We find that qualitative system dynamics encourages adopting a broader system boundary compared with most sustainability transitions research, leading to more holistic approaches. Sustainability transitions research is typically organized around theoretical domains, including political science, geography, business administration, and so on (Luederitz et al. 2017; Köhler et al. 2019). Although sustainability transitions research is inherently interdisciplinary, the strong emphasis on theoretical advancements often leads to a focus that is confined to a small number of disciplines or that emphasizes one central discipline with other disciplines playing only a peripheral role, e.g., focusing on politics (Avelino et al. 2016), geography (Truffer et al. 2015), or business administration (Loorbach and Wijsman 2013). Sustainability transitions research strongly emphasizes theoretical contributions, requiring researchers to be very clear on the discipline to which they contribute. This is understandable from the way that academia is organized, with research institutes, journals, and careers primarily organized around disciplines, but this also led to critical reflections that sustainability transitions research should adopt more holistic, integrated perspectives to better fit the messy and interdisciplinary nature of sustainability transitions (Andersen et al. 2020; Luederitz et al. 2017; Rosenbloom 2020).

Qualitative system dynamics typically starts from a central problem variable, a reference mode of behavior of that problem, continued by mapping all relevant variables to understand the behavior of that problem (Vennix 1996). This encourages those applying the method to not confine themselves to variables associated with a certain discipline. This holds for researchers when qualitative system dynamics is applied in a non-participatory mode and for participants when applied in a participative mode (Moallemi et al. 2021; Moallemi and Malekpour 2018). It resembles a best practice amongst system dynamicists that in the community is considered of the highest importance when it comes to system conceptualization: “approach system conceptualization creatively, from different perspectives” (Martinez-Moyano and Richardson 2013, p. 112). This characteristic of qualitative system dynamics makes the approach more inductive: the analysis starts from the problem and works its way up. Although sustainability transitions research often shares the ambition to inductively start from empirical cases to then involve the disciplines that the case requires, the focus on theoretical advancements sometimes leads studies to start from a theoretical body of knowledge, using a problem as a case to further advance knowledge in that theoretical domain. Although qualitative system dynamics can also be applied in a purely deductive fashion (de Gooyert 2019), and sustainability transitions research can also be applied in an inductive or retroductive fashion (McDowall and Geels 2017; Papachristos and Adamides 2016), the way that qualitative system dynamics projects are typically organized in general leads to more holistic and integrated results. We see this back in our research projects, where results typically are not associated with a single or a primary discipline. For example, de Gooyert et al. (2016) study the progress of the Dutch energy transition and connect technological diffusion with financial, social, economic, and policy aspects; Gonella and de Gooyert (2024) study sustainability in the chemical industry and include social, economic, and ecological aspects of sustainability, and Janipour et al. (2021) study the sustainability transition of industrial clusters and cover economic, legal, social, and policy aspects.
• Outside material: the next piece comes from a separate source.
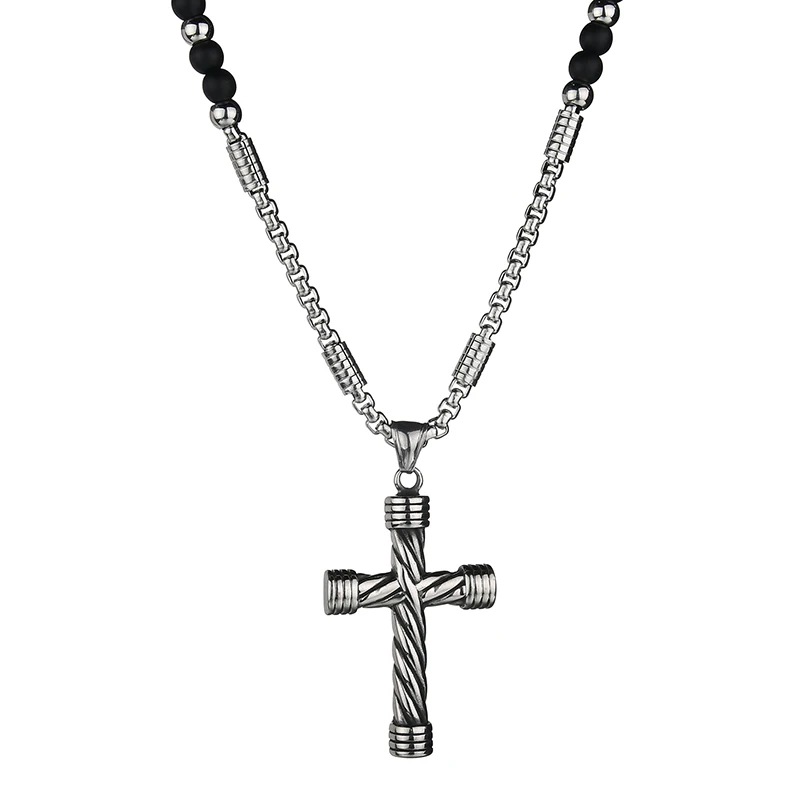 Stainless Steel Cross Pendant Necklace Silver Color Stainless Steel Chain Black Stone Strand Beads Necklaces Ethnic Jewelry Men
The inductive nature of qualitative system dynamics is relevant because it has substantial implications for results and recommendations. The more holistic approaches lead to a better appreciation of how stakeholders are enabled and restricted by their context. Starting sustainability transitions research from a primary discipline may assume the perspective of one type of stakeholder. For example, approaching sustainability transition from a business administration perspective leads to recommendations on what businesses can do differently to foster sustainability transitions, and that approach typically treats what other stakeholders do (e.g., governments, citizens) more or less as a given. This has the pitfall of overestimating the agency (the extent to which stakeholders have space to influence sustainability transitions) of the central stakeholder and underestimating the agency of other stakeholders, which led to a critique of sustainability transitions research of suffering from discursive fixation (Pesch 2015). Below, we provide an illustration from our research (Janipour et al. 2022) to elucidate how qualitative system dynamics leads to a more balanced approach where each stakeholder is understood as being both enabled and restricted by its context, i.e., each stakeholder having some but limited space to influence sustainability transitions [see for a positioning of system dynamics in the structure agency continuum Lane (2001a, b) as well as de Gooyert et al. (2016)].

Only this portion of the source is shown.